▶ [TASK REQUIREMENTS]
All lines from the one with "4202 SE 4th Place Cape Coral FL 33904" through the end of the records below are to be given again exactly, and nothing else.
-------- INPUT DATA
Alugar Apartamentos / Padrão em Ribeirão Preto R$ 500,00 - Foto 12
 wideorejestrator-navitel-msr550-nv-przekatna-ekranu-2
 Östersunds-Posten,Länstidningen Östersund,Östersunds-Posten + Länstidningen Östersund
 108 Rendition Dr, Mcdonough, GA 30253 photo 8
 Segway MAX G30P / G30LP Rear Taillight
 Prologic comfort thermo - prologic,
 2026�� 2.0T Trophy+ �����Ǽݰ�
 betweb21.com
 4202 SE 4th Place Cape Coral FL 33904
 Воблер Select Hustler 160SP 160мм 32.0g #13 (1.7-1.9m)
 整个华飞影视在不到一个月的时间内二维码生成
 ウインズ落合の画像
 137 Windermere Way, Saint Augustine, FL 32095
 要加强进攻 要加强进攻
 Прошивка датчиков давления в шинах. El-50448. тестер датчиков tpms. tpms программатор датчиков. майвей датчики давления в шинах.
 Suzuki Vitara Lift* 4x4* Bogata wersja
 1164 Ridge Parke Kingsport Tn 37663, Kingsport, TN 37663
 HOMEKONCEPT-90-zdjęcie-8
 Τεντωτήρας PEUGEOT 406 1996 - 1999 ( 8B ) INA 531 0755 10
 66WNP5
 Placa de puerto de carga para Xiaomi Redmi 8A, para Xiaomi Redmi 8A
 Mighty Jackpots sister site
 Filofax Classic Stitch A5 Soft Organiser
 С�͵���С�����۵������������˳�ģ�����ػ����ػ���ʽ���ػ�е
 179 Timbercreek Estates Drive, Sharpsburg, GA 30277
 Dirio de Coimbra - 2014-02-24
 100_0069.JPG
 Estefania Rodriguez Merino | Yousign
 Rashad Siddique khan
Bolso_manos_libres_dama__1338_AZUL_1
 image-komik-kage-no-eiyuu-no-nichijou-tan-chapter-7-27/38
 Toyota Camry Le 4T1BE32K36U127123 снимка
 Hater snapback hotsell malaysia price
----------------
▶ [WRITTEN SOLUTION]
 4202 SE 4th Place Cape Coral FL 33904
 Воблер Select Hustler 160SP 160мм 32.0g #13 (1.7-1.9m)
 整个华飞影视在不到一个月的时间内二维码生成
 ウインズ落合の画像
 137 Windermere Way, Saint Augustine, FL 32095
 要加强进攻 要加强进攻
 Прошивка датчиков давления в шинах. El-50448. тестер датчиков tpms. tpms программатор датчиков. майвей датчики давления в шинах.
 Suzuki Vitara Lift* 4x4* Bogata wersja
 1164 Ridge Parke Kingsport Tn 37663, Kingsport, TN 37663
 HOMEKONCEPT-90-zdjęcie-8
 Τεντωτήρας PEUGEOT 406 1996 - 1999 ( 8B ) INA 531 0755 10
 66WNP5
 Placa de puerto de carga para Xiaomi Redmi 8A, para Xiaomi Redmi 8A
 Mighty Jackpots sister site
 Filofax Classic Stitch A5 Soft Organiser
 С�͵���С�����۵������������˳�ģ�����ػ����ػ���ʽ���ػ�е
 179 Timbercreek Estates Drive, Sharpsburg, GA 30277
 Dirio de Coimbra - 2014-02-24
 100_0069.JPG
 Estefania Rodriguez Merino | Yousign
 Rashad Siddique khan
Bolso_manos_libres_dama__1338_AZUL_1
 image-komik-kage-no-eiyuu-no-nichijou-tan-chapter-7-27/38
 Toyota Camry Le 4T1BE32K36U127123 снимка
 Hater snapback hotsell malaysia price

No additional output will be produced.